Evaluations: LLM As a Judge
The foremost way in which teams evaluate LLMs at scale is by using an approach called LLM as a judge. The Phoenix open-source evaluation library developed by the Arize team is designed to run LLM as a judge at scale, in parallel, across lots of data – providing high quality, pre-tested templates for analysis. Azure customers can set any model from Azure AI model catalog as the evaluation LLM.
The eval library comes enabled with pre-set eval templates for specific tasks such as RAG relevance, Q&A, and hallucination detection:
The Arize LLM library is designed to be fast, using parallel calls with evals run over large datasets utilizing models from Azure AI model catalog or Azure OpenAI Service. The library supports explanations and uses async calls with concurrency. The following features are supported across Azure AI Studio:
- Fast, customizable parallelization of LLM calls
- Explanations for all eval results
- Bring your own eval with custom eval support
- Pre-tested evals for toxicity, human vs AI, relevance, Q&A, citation link checks, and retrieval relevance
- Context window overflow
RAG: Retrieval Troubleshooting
RAG is the key component in connecting companies’ private data to LLMs to create AI applications. Making RAG work consistently and at scale is critical to building LLM-powered applications that are differentiated for your products and services.
Arize helps you identify several critical issues can emerge during the retrieval process, namely:
- Lack of content similar to the query in question
- Lack of relevant content in your vector database
- LLM hallucinates in the response
The Arize platform helps detect clusters of problems, determine why those clusters have retrieval problems, and sort those clusters based on evaluation metrics.

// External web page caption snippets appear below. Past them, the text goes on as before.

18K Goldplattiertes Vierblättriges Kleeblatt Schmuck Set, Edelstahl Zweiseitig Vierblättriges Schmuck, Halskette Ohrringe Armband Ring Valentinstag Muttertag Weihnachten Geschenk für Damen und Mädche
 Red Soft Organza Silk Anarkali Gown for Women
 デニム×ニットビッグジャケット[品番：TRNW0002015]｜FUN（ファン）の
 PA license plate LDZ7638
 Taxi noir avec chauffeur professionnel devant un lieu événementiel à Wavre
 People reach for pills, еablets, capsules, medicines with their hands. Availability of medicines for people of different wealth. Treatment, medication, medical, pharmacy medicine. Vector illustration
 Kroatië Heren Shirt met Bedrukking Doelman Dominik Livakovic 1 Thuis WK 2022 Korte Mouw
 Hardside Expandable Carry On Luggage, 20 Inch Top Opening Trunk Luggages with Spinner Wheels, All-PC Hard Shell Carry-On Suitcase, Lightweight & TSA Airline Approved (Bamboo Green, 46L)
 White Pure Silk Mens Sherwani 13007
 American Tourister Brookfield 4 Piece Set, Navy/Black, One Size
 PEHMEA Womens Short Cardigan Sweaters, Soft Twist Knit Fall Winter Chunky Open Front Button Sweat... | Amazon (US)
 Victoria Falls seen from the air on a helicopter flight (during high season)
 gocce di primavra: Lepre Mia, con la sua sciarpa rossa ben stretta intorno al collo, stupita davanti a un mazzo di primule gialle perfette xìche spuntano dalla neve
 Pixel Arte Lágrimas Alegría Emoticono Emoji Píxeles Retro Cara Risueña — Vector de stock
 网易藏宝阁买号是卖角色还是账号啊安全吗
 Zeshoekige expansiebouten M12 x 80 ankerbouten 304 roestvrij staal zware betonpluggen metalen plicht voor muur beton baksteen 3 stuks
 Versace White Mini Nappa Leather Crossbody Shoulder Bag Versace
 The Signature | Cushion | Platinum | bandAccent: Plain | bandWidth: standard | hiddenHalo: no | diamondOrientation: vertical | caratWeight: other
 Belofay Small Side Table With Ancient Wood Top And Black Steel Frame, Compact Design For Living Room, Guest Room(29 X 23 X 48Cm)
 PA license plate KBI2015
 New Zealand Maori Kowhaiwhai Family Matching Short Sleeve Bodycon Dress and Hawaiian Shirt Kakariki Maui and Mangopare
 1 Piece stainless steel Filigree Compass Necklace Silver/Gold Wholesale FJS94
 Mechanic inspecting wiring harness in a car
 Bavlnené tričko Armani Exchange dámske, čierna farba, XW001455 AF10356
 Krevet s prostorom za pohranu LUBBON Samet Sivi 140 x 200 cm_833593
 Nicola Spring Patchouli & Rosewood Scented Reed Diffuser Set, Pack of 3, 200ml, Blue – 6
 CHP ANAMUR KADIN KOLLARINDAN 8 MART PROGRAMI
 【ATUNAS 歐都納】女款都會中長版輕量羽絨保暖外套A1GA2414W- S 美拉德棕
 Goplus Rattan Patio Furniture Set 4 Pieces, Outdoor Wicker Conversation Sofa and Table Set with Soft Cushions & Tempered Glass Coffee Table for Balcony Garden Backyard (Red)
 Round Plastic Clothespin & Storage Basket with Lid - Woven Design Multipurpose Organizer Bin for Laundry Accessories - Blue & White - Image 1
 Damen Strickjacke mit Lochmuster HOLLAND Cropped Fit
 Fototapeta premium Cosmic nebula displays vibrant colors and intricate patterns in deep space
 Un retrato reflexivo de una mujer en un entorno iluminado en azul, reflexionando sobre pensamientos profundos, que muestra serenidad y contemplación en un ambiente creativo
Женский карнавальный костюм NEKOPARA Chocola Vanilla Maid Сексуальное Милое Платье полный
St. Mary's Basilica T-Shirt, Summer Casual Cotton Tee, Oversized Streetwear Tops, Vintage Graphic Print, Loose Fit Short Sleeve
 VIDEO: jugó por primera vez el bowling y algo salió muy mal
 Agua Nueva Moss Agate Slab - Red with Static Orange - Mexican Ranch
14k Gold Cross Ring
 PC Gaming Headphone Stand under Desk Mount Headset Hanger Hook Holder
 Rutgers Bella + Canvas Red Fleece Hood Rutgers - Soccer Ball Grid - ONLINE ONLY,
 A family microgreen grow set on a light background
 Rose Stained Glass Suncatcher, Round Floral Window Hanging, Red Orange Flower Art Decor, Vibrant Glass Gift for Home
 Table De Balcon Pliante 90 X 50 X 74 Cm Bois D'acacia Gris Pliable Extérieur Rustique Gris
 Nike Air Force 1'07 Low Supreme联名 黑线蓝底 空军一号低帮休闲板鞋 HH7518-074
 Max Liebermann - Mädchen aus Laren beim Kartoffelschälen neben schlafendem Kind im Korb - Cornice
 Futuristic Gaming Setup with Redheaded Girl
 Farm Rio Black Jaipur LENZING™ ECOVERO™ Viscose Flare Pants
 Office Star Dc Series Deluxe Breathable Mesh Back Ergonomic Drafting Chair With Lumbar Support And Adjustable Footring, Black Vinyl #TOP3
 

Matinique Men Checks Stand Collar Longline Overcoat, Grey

Arize has RAG troubleshooting flows that allow teams to visualize both the embeddings of chunks and the embeddings of queries to your application. These workflows enable teams powerful debugging capabilities to pinpoint problematic groups of queries in RAG systems. The RAG troubleshooting workflows include:
- Prompt and chunk embedding analysis
- Clusters of query performance sorted by evals
- Relevance evals, Q&A evals, citation link correctness evals, and AI vs human evals
- Eval monitoring and generation
- Explanation on retrieval evals
The Azure AI Studio and Arize suite of tools allow teams to go from benchmarking to production deployment analysis of retrieval results, narrowing down retrieval problems in minutes.
Navigating a New Era of Generative AI with Azure and Arize AI
In addition to the push-button data integration, the Arize platform has multiple integration points with Azure.
The combination of foundation models offered as Model as a Service via Azure AI model catalog and LLM troubleshooting with Arize provides customers a powerful suite for evaluating models and debugging production deployments.